▸ Task: Copy word for word, please, the lines of the entries below running from the one containing "Peinture à l'huile" to the one containing "MingJieBiHuo Women's Sweet", both ends included.

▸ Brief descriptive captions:

====================

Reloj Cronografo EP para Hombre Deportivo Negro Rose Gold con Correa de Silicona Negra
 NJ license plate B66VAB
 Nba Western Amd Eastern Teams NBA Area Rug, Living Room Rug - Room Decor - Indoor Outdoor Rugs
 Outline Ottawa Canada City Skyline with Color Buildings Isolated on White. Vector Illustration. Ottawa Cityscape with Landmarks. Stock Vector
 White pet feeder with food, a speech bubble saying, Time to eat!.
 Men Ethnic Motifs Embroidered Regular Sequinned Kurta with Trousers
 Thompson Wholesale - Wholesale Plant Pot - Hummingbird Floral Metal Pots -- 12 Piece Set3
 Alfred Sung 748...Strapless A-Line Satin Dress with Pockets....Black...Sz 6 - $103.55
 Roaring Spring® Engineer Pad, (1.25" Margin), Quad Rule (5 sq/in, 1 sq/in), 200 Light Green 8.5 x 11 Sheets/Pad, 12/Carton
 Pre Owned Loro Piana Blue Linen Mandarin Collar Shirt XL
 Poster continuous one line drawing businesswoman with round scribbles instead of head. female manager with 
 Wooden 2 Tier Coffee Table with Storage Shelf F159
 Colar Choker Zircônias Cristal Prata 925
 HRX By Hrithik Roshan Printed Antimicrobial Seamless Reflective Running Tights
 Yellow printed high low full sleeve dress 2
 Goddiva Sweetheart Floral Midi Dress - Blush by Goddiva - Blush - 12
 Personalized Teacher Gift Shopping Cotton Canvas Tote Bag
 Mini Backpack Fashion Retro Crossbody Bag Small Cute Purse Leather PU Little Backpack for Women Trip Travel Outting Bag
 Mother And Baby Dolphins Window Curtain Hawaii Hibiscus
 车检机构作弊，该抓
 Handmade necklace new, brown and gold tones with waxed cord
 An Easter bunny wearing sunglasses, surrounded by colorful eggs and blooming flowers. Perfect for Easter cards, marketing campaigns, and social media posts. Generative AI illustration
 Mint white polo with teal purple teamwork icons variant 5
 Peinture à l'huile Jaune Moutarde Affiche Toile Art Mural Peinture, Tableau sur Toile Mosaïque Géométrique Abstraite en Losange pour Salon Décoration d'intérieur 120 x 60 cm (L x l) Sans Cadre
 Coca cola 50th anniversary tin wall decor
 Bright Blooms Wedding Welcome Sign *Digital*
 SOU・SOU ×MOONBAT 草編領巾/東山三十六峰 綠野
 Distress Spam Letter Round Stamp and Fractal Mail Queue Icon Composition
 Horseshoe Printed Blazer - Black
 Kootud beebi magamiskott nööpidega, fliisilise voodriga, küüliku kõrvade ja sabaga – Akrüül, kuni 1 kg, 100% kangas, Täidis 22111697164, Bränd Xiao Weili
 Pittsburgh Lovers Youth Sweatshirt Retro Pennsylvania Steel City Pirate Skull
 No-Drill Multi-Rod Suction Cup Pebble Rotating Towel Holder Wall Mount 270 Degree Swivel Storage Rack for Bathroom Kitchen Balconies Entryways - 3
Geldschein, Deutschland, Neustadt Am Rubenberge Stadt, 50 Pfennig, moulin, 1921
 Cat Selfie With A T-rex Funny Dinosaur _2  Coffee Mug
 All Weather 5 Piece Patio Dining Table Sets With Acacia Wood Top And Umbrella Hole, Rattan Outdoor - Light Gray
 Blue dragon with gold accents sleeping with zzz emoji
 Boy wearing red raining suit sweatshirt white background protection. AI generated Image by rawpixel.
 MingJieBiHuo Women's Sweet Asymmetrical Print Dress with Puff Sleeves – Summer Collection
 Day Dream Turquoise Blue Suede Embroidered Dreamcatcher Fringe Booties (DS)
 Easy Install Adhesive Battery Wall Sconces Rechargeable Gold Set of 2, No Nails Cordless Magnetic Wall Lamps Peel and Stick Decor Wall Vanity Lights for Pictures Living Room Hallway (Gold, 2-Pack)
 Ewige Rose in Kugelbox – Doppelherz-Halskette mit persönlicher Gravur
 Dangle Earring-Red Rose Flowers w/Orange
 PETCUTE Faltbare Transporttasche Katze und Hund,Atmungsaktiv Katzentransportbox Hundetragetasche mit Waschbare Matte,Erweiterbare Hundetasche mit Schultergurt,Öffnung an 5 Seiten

====================

▸ Task response:
 Peinture à l'huile Jaune Moutarde Affiche Toile Art Mural Peinture, Tableau sur Toile Mosaïque Géométrique Abstraite en Losange pour Salon Décoration d'intérieur 120 x 60 cm (L x l) Sans Cadre
 Coca cola 50th anniversary tin wall decor
 Bright Blooms Wedding Welcome Sign *Digital*
 SOU・SOU ×MOONBAT 草編領巾/東山三十六峰 綠野
 Distress Spam Letter Round Stamp and Fractal Mail Queue Icon Composition
 Horseshoe Printed Blazer - Black
 Kootud beebi magamiskott nööpidega, fliisilise voodriga, küüliku kõrvade ja sabaga – Akrüül, kuni 1 kg, 100% kangas, Täidis 22111697164, Bränd Xiao Weili
 Pittsburgh Lovers Youth Sweatshirt Retro Pennsylvania Steel City Pirate Skull
 No-Drill Multi-Rod Suction Cup Pebble Rotating Towel Holder Wall Mount 270 Degree Swivel Storage Rack for Bathroom Kitchen Balconies Entryways - 3
Geldschein, Deutschland, Neustadt Am Rubenberge Stadt, 50 Pfennig, moulin, 1921
 Cat Selfie With A T-rex Funny Dinosaur _2  Coffee Mug
 All Weather 5 Piece Patio Dining Table Sets With Acacia Wood Top And Umbrella Hole, Rattan Outdoor - Light Gray
 Blue dragon with gold accents sleeping with zzz emoji
 Boy wearing red raining suit sweatshirt white background protection. AI generated Image by rawpixel.
 MingJieBiHuo Women's Sweet Asymmetrical Print Dress with Puff Sleeves – Summer Collection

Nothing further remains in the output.